The historic development of the Niagara Region plays a critical role in understanding American culture and mankind’s complicated relationship with nature. Once a powerful image of the sublime, the invention and transmission of Niagara’s hydroelectric power signifies the subjugation of arguably the greatest natural force in North America to the service of man, which enabled the rapid urbanization and industrialization of North America from the 19th to the mid-20th century.

Today, water flows are mechanically manipulated, while ongoing environmental degradation, decentralization and deindustrialization have obscured the legibility of the Niagara Region. Within this context the question becomes, what is the identity (or identities) of the Niagara Region? Which particular individuals, events and developments have shaped these identities (both physical and cultural) of the Niagara Region? And how can the discipline of landscape architecture help to decode, describe and visualize the hybrid landscape exemplified by the region?

Project Information

“We have many monuments of past ages; we have the palaces and pyramids, the temples of the Greek and the cathedrals of Christendom. In them is exemplified the power of men, the greatness of nations, the love of art and religious devotion. But the monument at Niagara has something of its own, more in accord with our present thoughts and tendencies. It is a monument worthy of our scientific age, a true monument of enlightenment and of peace. It signifies the subjugation of natural forces to the service of man, the discontinuance of barbarous methods, the relieving of millions from want and suffering” (Nikola Tesla 1897).

Like the water that is flowing over the Falls and though its territory, Niagara is a fluid term; constantly changing, both in form and in meaning.
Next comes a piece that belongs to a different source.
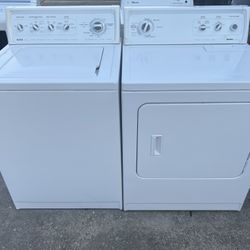 Kenmore Washer And Kenmore Eléctric Dryer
As a cultural icon and quintessential natural landscape, Niagara was at the forefront of national consciousness from the mid-nineteenth century until the World War I. Destined to fulfill future visions of progress, infrastructure became the interface between nature and technology.

Within this context, November 17th 1896 marks a significant moment in the history of Niagara. The opening of the Adams Power Plant—the first large-scale, hydro-electric power plant in the world—enabled the transmission of power over a twenty-six-mile course from Niagara to Buffalo. The project combined age old knowledge of converting the energy of falling water into a useful forms of power with Nikola Tesla’s invention of the alternating current induction motor and the polyphase system for the generation, transmission, and distribution of electrical power. Based on a plan by engineer Thomas Evershed a decade earlier, the harnessing of Niagara Falls utilized a hydraulic canal and a 7,500 feet brick-lined tunnel under the City of Niagara Falls for the generation of 50,000 horsepower (37 MW) of electricity.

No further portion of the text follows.